- Born: c. 1950 (age 75–76) Mogadishu, Somalia
- Education: King Abdulaziz University The American University in Cairo
- Occupation: Feminist writer

= Saida Hagi-Dirie Herzi =

Somali feminist writer (born c. 1950)

Saida Hagi-Dirie Herzi (born c. 1950) is a Somali feminist writer. Her English-language short stories, which use semi-autobiographical narratives and thinly veiled allegories to discuss social issues in her native Somalia, have been widely anthologized.

== Early life and education ==
Saida Hagi-Dirie Herzi was born in Mogadishu, Somalia, in the 1950s.

As a child she was subjected to female genital mutilation. The practice is near-universal in Somalia but has been widely criticized internationally. Herzi would later critically revisit the experience in her writing.

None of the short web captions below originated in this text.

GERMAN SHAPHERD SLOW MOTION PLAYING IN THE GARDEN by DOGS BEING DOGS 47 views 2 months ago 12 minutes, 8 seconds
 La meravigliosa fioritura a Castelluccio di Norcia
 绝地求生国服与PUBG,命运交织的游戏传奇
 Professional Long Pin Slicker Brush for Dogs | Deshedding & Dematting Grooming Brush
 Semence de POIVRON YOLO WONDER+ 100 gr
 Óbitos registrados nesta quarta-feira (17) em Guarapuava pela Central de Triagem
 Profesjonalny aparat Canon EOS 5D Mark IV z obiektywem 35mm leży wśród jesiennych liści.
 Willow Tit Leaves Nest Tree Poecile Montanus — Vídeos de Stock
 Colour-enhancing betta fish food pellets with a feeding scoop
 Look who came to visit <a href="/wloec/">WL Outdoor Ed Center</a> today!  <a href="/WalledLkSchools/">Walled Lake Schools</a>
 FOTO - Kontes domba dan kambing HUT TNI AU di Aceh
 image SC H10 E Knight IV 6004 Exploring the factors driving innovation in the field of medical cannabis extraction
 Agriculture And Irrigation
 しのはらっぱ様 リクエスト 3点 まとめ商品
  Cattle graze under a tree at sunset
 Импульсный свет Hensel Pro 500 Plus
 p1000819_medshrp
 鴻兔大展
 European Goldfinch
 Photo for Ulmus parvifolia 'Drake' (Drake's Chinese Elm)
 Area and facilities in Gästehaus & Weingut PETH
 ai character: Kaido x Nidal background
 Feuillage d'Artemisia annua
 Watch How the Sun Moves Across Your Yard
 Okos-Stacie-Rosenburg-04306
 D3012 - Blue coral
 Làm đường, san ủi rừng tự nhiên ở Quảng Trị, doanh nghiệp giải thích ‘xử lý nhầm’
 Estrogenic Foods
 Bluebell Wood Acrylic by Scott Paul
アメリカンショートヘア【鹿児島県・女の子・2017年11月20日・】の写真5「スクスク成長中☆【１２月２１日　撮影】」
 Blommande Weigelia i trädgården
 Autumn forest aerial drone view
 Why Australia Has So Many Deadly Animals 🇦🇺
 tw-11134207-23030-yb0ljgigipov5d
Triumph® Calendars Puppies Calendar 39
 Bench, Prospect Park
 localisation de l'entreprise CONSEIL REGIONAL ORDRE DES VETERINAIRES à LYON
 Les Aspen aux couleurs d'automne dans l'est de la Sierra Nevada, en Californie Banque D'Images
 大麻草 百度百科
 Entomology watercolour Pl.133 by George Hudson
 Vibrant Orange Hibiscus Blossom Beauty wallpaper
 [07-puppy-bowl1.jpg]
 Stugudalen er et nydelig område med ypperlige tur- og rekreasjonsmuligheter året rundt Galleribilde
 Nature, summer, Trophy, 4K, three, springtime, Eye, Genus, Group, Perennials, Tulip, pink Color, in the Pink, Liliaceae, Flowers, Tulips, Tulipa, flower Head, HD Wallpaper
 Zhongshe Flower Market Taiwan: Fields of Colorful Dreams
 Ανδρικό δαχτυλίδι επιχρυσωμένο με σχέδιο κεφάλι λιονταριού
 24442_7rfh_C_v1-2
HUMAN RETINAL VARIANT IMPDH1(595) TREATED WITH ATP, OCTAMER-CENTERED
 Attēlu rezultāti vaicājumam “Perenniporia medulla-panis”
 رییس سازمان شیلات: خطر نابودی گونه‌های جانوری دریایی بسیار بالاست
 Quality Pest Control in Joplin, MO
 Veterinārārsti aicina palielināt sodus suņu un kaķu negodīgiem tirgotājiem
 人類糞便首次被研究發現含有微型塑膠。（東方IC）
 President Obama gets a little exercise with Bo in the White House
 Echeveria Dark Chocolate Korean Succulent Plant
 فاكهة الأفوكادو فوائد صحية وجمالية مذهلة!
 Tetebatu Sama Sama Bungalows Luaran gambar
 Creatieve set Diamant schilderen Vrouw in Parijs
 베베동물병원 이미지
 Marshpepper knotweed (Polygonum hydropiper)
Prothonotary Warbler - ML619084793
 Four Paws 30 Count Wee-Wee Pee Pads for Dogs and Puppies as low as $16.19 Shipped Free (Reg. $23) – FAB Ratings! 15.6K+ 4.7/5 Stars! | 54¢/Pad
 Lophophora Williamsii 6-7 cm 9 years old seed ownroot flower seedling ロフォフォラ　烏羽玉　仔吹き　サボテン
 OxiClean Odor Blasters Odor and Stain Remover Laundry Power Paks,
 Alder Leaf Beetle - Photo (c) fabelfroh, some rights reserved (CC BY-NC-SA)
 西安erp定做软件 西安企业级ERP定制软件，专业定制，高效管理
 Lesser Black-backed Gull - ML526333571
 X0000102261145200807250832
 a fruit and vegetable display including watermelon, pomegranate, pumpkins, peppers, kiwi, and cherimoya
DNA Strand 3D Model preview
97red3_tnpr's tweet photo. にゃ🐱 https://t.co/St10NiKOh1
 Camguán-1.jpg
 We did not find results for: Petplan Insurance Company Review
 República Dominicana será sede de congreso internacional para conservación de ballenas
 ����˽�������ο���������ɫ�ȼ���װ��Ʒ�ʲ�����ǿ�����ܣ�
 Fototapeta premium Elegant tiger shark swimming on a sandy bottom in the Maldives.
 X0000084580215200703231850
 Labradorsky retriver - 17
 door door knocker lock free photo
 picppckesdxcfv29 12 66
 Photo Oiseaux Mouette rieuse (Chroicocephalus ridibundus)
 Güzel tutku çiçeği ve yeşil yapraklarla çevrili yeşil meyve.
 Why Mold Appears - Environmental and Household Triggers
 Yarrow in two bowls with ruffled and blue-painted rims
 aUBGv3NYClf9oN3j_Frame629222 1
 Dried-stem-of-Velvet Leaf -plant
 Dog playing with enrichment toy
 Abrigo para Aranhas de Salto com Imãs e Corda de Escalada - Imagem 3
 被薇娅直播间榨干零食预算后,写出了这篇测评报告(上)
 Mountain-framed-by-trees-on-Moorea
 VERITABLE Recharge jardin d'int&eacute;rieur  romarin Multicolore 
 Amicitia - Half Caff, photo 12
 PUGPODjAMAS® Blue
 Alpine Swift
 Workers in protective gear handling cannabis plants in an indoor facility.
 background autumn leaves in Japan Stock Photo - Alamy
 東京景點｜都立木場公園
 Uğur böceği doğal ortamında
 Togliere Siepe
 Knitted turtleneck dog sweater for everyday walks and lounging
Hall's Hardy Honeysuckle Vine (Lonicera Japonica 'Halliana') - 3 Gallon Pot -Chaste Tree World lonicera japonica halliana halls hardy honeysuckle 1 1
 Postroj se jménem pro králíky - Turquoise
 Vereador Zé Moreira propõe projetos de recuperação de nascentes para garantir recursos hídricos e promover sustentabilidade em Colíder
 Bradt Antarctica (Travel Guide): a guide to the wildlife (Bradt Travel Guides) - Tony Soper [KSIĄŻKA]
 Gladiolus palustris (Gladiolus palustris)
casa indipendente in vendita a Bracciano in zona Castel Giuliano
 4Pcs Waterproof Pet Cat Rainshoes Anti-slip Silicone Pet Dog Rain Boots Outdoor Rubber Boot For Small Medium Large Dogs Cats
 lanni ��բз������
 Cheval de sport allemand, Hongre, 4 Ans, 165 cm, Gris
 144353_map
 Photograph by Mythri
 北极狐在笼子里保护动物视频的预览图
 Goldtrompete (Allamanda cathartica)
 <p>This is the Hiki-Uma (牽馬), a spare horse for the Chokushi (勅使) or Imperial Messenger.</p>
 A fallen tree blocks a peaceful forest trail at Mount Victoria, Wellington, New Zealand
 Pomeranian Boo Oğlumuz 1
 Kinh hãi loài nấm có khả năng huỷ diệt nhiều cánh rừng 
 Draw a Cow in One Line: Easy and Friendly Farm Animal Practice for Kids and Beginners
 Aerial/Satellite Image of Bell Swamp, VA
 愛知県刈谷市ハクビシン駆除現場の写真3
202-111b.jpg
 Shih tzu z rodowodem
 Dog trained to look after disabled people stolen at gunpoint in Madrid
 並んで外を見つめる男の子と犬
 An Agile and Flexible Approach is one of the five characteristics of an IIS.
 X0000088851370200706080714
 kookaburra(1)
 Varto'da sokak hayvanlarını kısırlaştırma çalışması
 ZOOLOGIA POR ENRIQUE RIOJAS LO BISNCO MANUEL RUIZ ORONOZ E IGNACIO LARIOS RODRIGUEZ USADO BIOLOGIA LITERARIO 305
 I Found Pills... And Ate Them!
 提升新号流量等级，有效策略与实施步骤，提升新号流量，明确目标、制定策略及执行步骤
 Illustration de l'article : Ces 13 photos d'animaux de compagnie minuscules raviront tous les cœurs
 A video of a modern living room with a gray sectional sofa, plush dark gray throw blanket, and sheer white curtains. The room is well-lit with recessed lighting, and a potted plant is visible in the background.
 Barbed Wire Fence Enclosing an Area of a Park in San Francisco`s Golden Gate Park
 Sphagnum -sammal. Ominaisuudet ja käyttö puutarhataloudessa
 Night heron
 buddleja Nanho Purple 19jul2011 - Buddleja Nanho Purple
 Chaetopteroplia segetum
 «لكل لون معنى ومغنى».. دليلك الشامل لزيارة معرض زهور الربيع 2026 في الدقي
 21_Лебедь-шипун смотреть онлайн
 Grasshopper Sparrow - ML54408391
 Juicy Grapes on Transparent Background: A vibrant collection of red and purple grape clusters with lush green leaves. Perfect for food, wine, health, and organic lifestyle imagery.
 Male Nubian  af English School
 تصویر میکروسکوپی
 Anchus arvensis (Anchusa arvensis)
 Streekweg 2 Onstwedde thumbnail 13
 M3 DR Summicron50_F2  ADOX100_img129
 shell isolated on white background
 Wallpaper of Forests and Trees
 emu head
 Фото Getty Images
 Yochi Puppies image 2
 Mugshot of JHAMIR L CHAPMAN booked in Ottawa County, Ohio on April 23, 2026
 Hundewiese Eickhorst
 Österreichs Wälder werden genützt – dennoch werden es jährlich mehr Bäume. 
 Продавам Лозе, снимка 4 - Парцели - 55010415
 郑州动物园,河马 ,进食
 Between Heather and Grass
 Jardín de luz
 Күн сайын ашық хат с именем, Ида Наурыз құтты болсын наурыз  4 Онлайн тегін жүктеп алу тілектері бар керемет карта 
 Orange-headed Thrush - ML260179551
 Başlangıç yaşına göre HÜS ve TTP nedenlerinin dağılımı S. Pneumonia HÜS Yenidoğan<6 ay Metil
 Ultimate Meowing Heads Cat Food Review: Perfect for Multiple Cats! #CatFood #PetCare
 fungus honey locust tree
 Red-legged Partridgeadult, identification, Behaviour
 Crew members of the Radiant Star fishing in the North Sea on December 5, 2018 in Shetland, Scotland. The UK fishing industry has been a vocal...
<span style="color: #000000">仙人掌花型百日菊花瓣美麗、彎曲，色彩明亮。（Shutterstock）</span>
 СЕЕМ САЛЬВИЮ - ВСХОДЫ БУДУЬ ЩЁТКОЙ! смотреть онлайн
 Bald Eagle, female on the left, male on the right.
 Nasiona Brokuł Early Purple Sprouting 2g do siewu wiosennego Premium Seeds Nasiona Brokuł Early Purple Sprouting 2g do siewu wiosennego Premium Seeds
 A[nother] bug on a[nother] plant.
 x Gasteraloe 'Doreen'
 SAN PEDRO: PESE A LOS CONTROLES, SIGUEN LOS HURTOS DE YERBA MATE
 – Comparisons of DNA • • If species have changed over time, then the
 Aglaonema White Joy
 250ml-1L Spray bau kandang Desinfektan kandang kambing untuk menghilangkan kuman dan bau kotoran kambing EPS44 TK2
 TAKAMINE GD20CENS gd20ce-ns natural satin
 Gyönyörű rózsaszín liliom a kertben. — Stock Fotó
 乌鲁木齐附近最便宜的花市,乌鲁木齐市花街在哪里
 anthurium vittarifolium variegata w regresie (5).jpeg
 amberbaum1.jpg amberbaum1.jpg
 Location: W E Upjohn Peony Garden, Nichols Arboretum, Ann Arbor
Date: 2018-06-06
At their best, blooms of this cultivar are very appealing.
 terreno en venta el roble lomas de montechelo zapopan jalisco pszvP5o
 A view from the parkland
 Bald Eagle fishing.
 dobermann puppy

Herzi attended King Abdulaziz University in Jeddah, Saudi Arabia, where she graduated with a bachelor's degree in English literature. She later obtained a master's degree from the American University in Cairo.

== Writing ==
Herzi was one of the first Somali writers to produce English-language fiction. Her work deals with Somali sociopolitical issues through a feminist lens, advocating for women's rights and against female genital mutilation and government corruption.

Her first published story, "Against the Pleasure Principle", was initially printed in 1990 in the journal of the Index on Censorship, as there was concern that the brutal depiction of female genital mutilation in the story would be censored. The story contains elements of autobiography, as Herzi herself was subject to the procedure. "Against the Pleasure Principle" was later anthologized elsewhere, including in the 1992 anthology Daughters of Africa (edited by Margaret Busby).

In 1992, Herzi's story "Government by Magic Spell" was included in The Heinemann Book of Contemporary African Short Stories (edited by Chinua Achebe and C. L. Innes). The story was later chosen to be broadcast as part of BBC Radio's Human Cradle series in 2012. "Government by Magic Spell" criticizes corrupt politics and is considered a thinly veiled allegory for the reality in Somalia at the time.

Her other stories include "The Barren Stick", first published in 2002.

Herzi has also taught English at King Abdulaziz University. She no longer lives full-time in Somalia, instead splitting her time among several countries, including the United Kingdom, the United States, and Kenya.